- Exercise material

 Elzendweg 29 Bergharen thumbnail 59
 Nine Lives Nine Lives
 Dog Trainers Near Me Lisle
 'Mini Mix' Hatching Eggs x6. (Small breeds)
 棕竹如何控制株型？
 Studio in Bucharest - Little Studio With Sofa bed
---
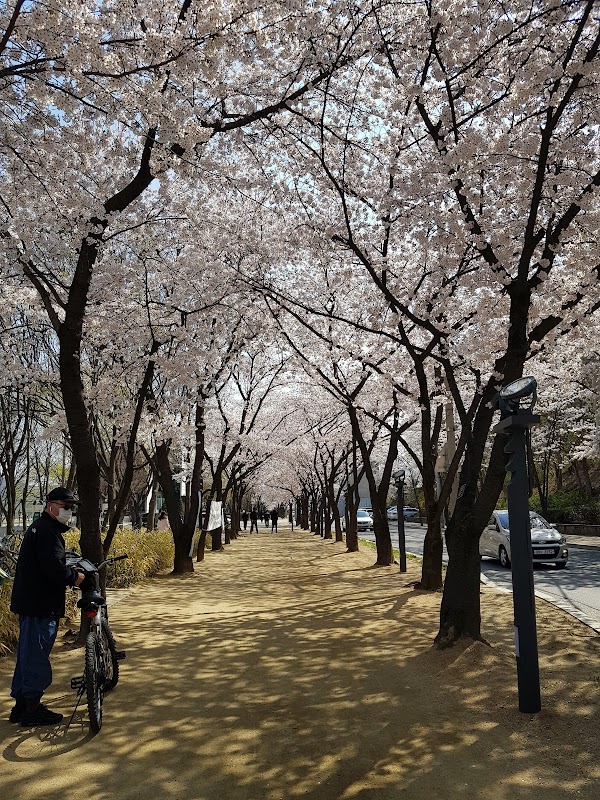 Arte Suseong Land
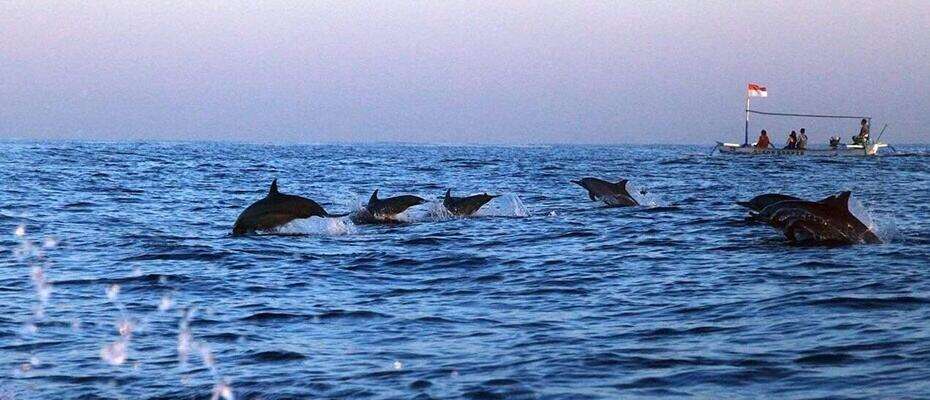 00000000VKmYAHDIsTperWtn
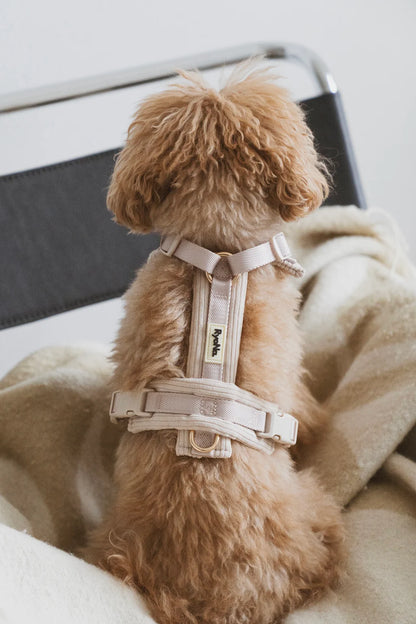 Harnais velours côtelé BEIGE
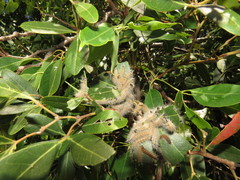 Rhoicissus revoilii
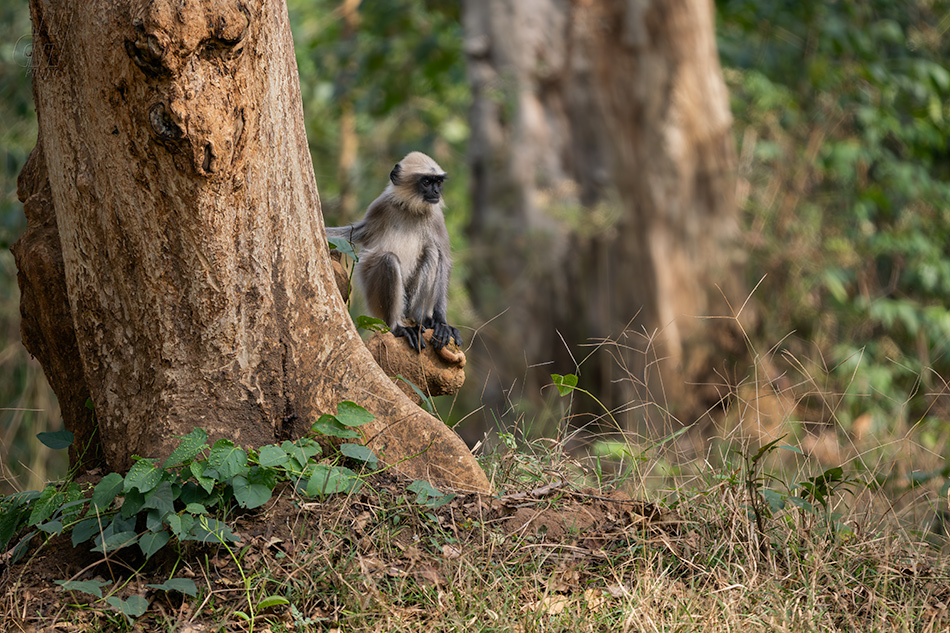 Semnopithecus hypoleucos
--
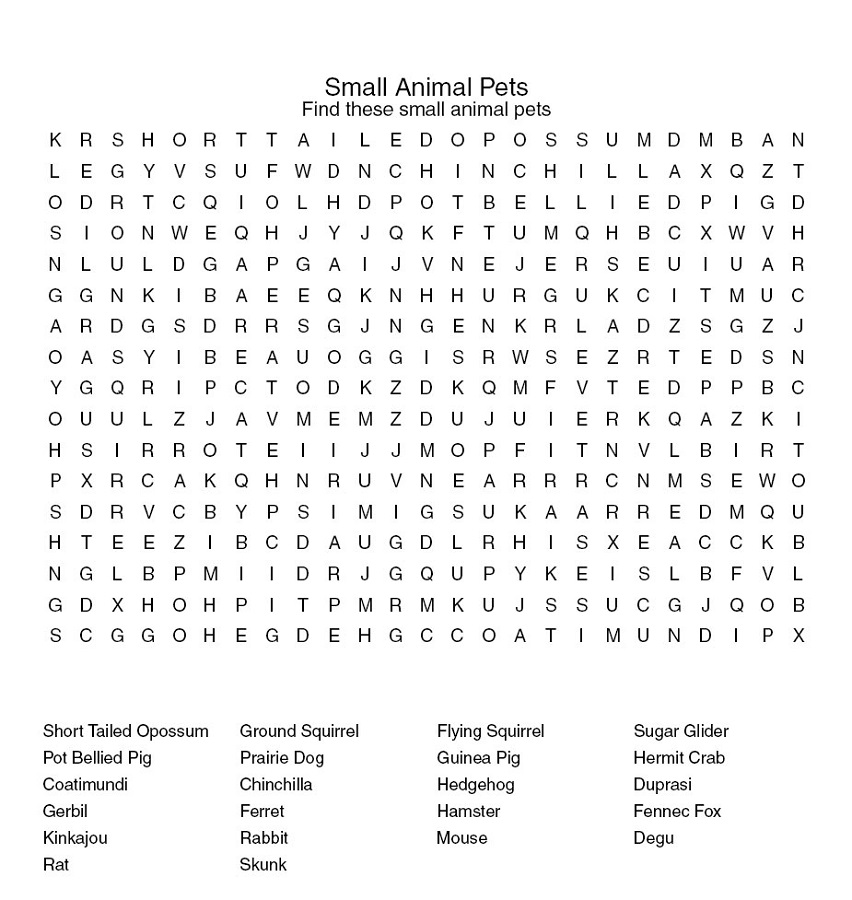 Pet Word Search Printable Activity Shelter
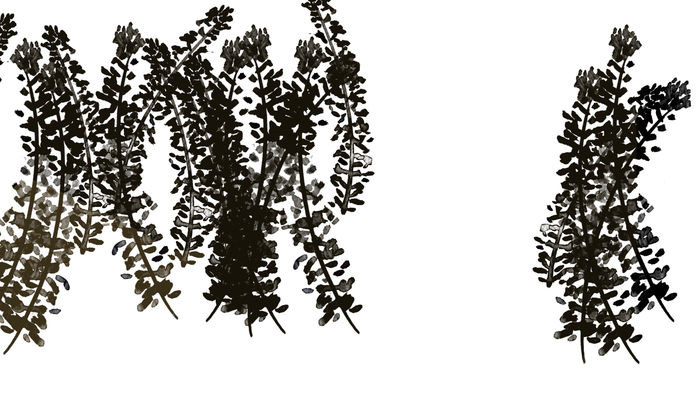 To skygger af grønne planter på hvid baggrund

- What the task asks
From the records above, transcribe without alteration every line from the one with "x6. (Small breeds)" to the one with "Studio in Bucharest", inclusive.

- Solution to this problem
 'Mini Mix' Hatching Eggs x6. (Small breeds)
 棕竹如何控制株型？
 Studio in Bucharest - Little Studio With Sofa bed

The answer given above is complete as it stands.